SUMMARY (Interim #2) Mysterious Sun Hangs

From: James D. Watson (JW1675A@american.edu)
Date: Thu Jan 06 1994 - 22:42:00 CST


Hi folks -- back, I don't know how long ago, I posted with a problem
of our machines hanging. I posted one interim report, and this is the
second. We are getting places. The problem is actually being worked
by other folks at work, but since I posted the original problem I
am following up for you. Also, Sun is working with us, in the
form of Tim Smith. He reads the list, and Tim - if you want to
add more to this, please feel free as you are more intimate with
the details than I. I got this second hand and I'm not in the
office this week to check the details, but here goes:

What our problem *looks* like is an infinite loop in the socket
buffer routines which appears to be caused by what looks like
a broadcast packet sent from a Solaris Compartmented Mode
Workstation (CMW).

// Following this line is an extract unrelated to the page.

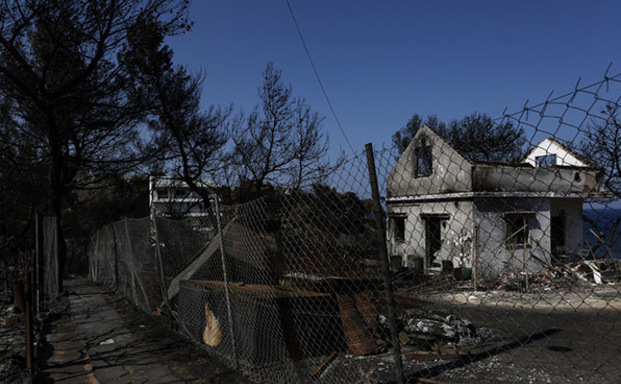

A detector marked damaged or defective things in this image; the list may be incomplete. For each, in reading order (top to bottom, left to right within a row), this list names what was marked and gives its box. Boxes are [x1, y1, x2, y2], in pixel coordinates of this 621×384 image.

broken window [416, 140, 432, 177]
damaged house [386, 126, 604, 280]
broken window [504, 214, 528, 248]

If it sounds like I'm hedging this
post with "looks like" and "appears", well I guess I am <:-)

Sun is doing some additional research into this. I will
keep you posted.

Jim Watson
Acting Technical Officer, System Programming Shop
Defense Intelligence Agency
Bolling Air Force Base
Washington, D.C. 20340
--- Standard disclaimers apply ---

------------- Original note follows ----------------
To: sun-managers@eecs.nwu.edu

Hi folks. Mixed environment:
Suns (4.1.x)
DECs (ULTRIX v?)
IBM 3090s
DOS/Novell
Macs (A/UX v?)
IBM Risc 6000 (v ?)
ethernet, with some routing and subnetting

Our problems started with a Sun 690MP running SunOS 4.1.3, no patches. Often
(sometimes twice/more a day) the machine just _locks up_ so hard a keystroke
interrupt (L1-A) will not clear it. We normally generate an interrupt, then,
by unplugging/plugging the keyboard cable. We've taken several dumps and
portmapper is the last beast running.

We recently started transitioning our massive DOS/Novell installed base to
UNIX (Sun SPARC2s 4.1.3, mostly, some DECs, some Macs). Some of our new
SPARC2s are also hanging. (We've stopped taking dumps on them, but saw
portmapper in instances there as well.)

Interestingly, one group of machines on the same subnet as the 690MP, running
SunOS 4.1.2 did _not_ hang. At least until last week when we upgraded to
SunOS 4.1.3. Since then, three out of four upgraded machines have hung.
(No dumps taken.)

          We see a message about "giant packet received from xx:yy:zz:...:"
and the STP cleared message. These are often the last messages on a hung
machine's console. We're seeing lots of these giant packets around the
net, but not always generating a crash.

Some folks think the following: Novell's sending out some IPX packets
which look like TCP/IP packets so the Suns are picking them up and trying
to do something with them and end up crashing.

Sun doesn't know _what_ the deal is. But, they are looking.

We've also got some developers on the net. Maybe doing something with
RPCs. We've traced RPC connections and found nothing out of the ordinary.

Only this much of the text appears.